Jenny looks up, her eyes moist. An American woman in a smart business suit appraises Jenny, disdain evident in the way she flicks her gaze up to Jenny’s shaved head and then to the flight attendant and back to Jenny.
Jenny smiles wanly at the woman. “Cancer,” she whispers.
The woman’s face reddens with shame. Satisfied, Jenny closes her eyes.
The plane rattles down the runway, accelerates, lifts unevenly. Gravity presses Jenny’s body back against the seat and then releases it as the plane levels off. She feels suddenly weightless.
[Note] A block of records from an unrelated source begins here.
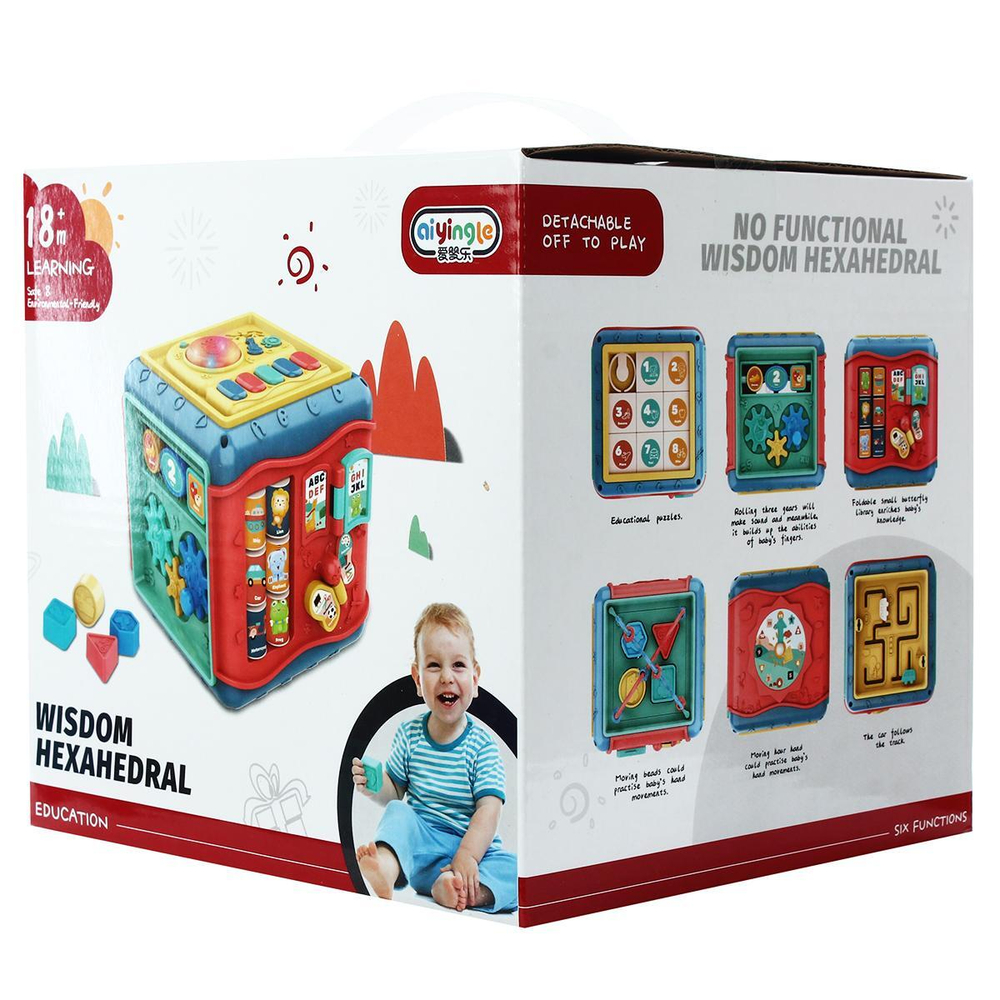 Развивающая игрушка Куб, коробка 668-176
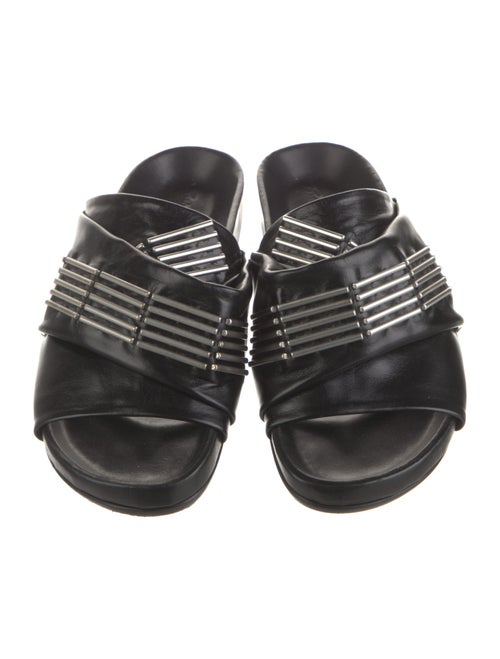 Rick Owens Leather Studded Accents Slides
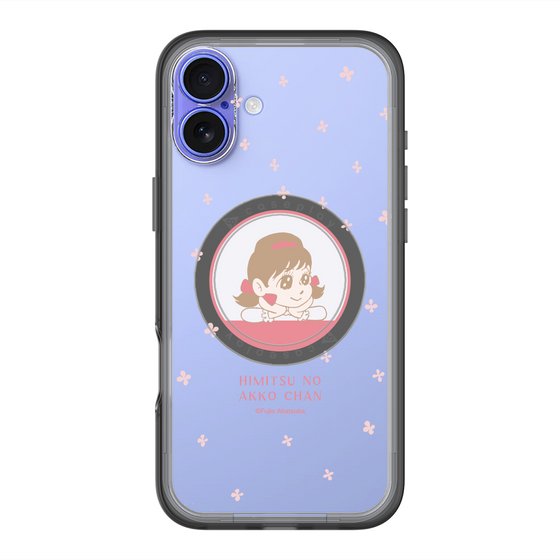 スリムプロテクションプレミアムケース with MagSafe［ ひみつのアッコちゃん - アッコちゃん - クリア ］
Jenny imagines telling Richard first. They will sit on his brown plaid bedspread in his room under the posters of classic movies. She will remove her baseball cap and watch his thick eyebrows rise in shocked delight. He’ll reach over and touch her head. “Holy shit! Tell me everything.” She will. Bit by bit, over Dr Peppers and Doritos, she will unspool the history of this summer, of Frau Hermann and the Bridegroom’s Oak, how David Bowie came to record “Heroes.” The Kreuzberg squat, Sophie Scholl, Anke and Zehra, the parties, the haircut, the Stasi, the tunnel. She’ll apologize for not being braver before, when he needed her, and she’ll promise to be a better friend to him now. And when she is ready, she will tell him about Lena.